5.2.10

Um atlas


As veias ardentes, a carne em fogo, os olhos fulminantes. Imersos na raiva incandescente. O descompasso com as coisas em redor. Os remos sem pás movem o barco à deriva, levado pelas águas errantes que dançam empurradas pelos ventos aleatórios. Ou a carne subitamente arrefecida, as veias lívidas, os olhos embaciados numa inércia medonha. No mesmo descompasso com as coisas em redor. 

Ser o que se é, sem concessões – a inadiável missão. A transfiguração à imagem das pessoais idealizações alheias é uma traição que vaporiza a genuína essência do ser. Podiam querer que mudasse por dentro, na conformidade com os belos modelos estabelecidos. Os oxalás arquitectados de fora para dentro são uma intrusão. A maior das infâmias. Uma faca que se insinua na carne, suaves cortes que parecem não passar da fina epiderme. Contudo, sangram-na, dolorosamente. Dizem, em apologia da intrusão, que é uma faca adocicada; que as cicatrizes são terapêuticas – depois delas, um todo mais harmonioso, a frondosa vereda do equilíbrio ensinado por almas apenas comprometidas com o altruísmo dos que desbravam caminho à transformação salgada.

O atlas, talvez empedernido, talvez possuído por uma teimosia irrecusável, declina as amáveis sugestões. A aprendizagem teve o seu tempo, o seu lugar. Depois da aprendizagem, já não faz sentido se os relâmpagos do desengano troam furiosamente. Há aleivosia quando passamos pela lupa dos cirurgiões das almas, os reconfiguradores de personalidades que atropelam a singularidade das individualidades como quem respira oxigénio. As luzes que os encomendadores de almas renovadas acendem são apenas sombras que se escondem detrás de plúmbeas, densas nuvens. Uma miríade de espelhos pulveriza as imagens em múltiplas direcções. As imagens de uns e de outros que se confundem numa arbitrária simbiose. Sobra a indiferenciação entre todos os que se confundem na constelação de espelhos reflectidos à exaustão. Até que sejamos todos feitos à medida de um alfaiate que toma as medidas pela média – nem que seja a média da mediocridade entronizada. A diferença passa a suportar o opróbrio criminoso.

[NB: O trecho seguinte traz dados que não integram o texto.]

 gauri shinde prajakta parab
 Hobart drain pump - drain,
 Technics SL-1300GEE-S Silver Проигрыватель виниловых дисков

E, todavia, em cada um há um atlas irreproduzível. As veias que latejam a pulsações diferentes, a carne que se toma por temperaturas que variam nos lugares e nas circunstâncias, os olhos de cores várias, com expressões de uma autenticidade ímpar. As palavras que saem com tonalidades sempre diferentes. As bocas, todas com diferentes sabores. O imparável império da subjectividade é a riqueza maior da espécie.

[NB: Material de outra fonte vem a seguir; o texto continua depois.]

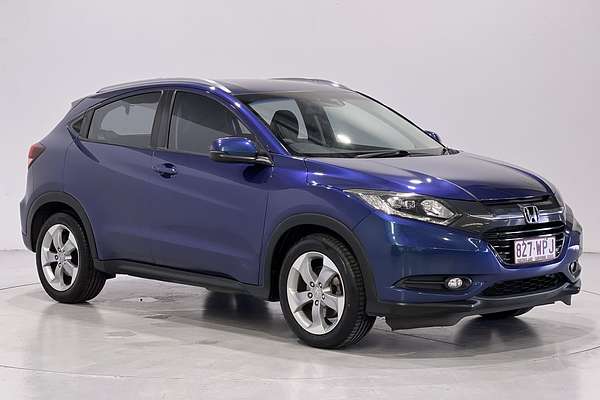 2016 Honda HR-V VTi-S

Quando o descompasso é ultrajante, não é pela transfiguração das almas que se acha solução. Sobra a dignidade do respeito do atlas resguardado em cada um. A honestidade de cada um se respeitar por si e diante do outro. Ou o harpejo final: os pés apontados para lados diferentes da encruzilhada em que se acham caso o desafio seja insuperável. Pois se um atlas individual é irrepetível, a pretensão de o moldar, como se tratasse de uma insidiosa bola de plasticina, é agravo sem remissão. Tratamo-nos como se fôssemos a peça mais central de todo o universo? Ah pois tratamos. E não é isso que somos, dentro de cada um de nós, peças inigualáveis? Admiti-lo sem escorregar para o censurável egocentrismo é o árduo desafio perante as poderosas convenções estabelecidas.

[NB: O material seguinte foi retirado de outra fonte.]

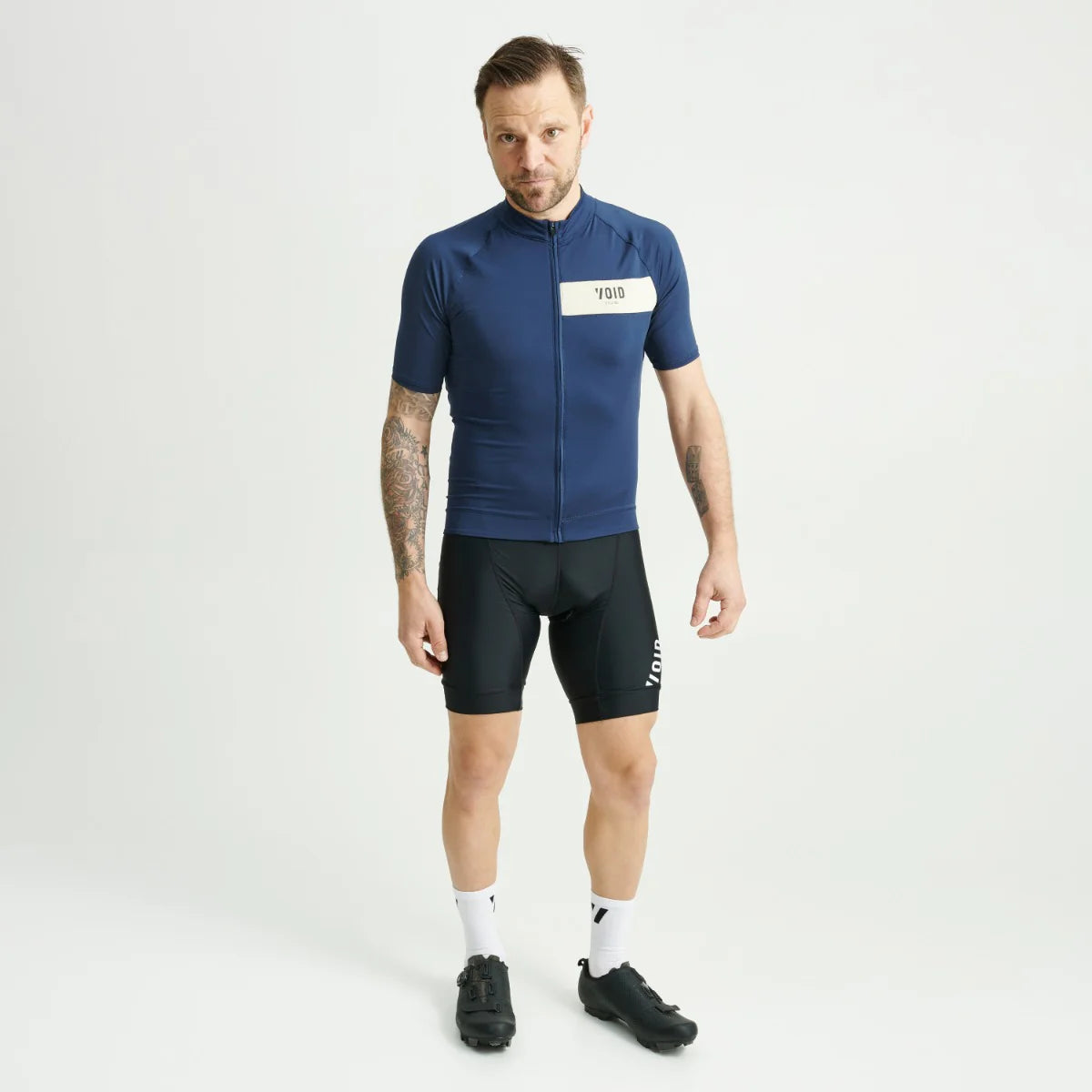 Trikot VOID CORE Kurzarm Marine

Mas o atlas fornece o ânimo, mesmo quando uma avassaladora descompensação esmaga o espírito nas águas mais lamacentas. É no atlas individual que se escondem os fragmentos da singularidade. O que nos torna peças únicas, irrepetíveis, a riqueza dessa singularidade toda capturada no respeito que os demais mostram ao nosso atlas pessoal. Não é uma concha protectora onde os intimidados se refugiam dos ventos lá de fora. Dos ventos que sopram agrestes e semeiam imponderáveis, desilusões, angústias, amarguras. De todos os vértices pontiagudos que ferem e levam tempo a ser cicatrizados.

Os atlas que somos são como são. São o que são. Amam-se. Tornam-se indiferentes. Por vezes, escorregamos na fricção de os odiar. Mas nunca, nunca, se tolerem as plásticas cirurgias que transfiguram as cores, os odores, o tacto de um atlas. Não há ultraje maior.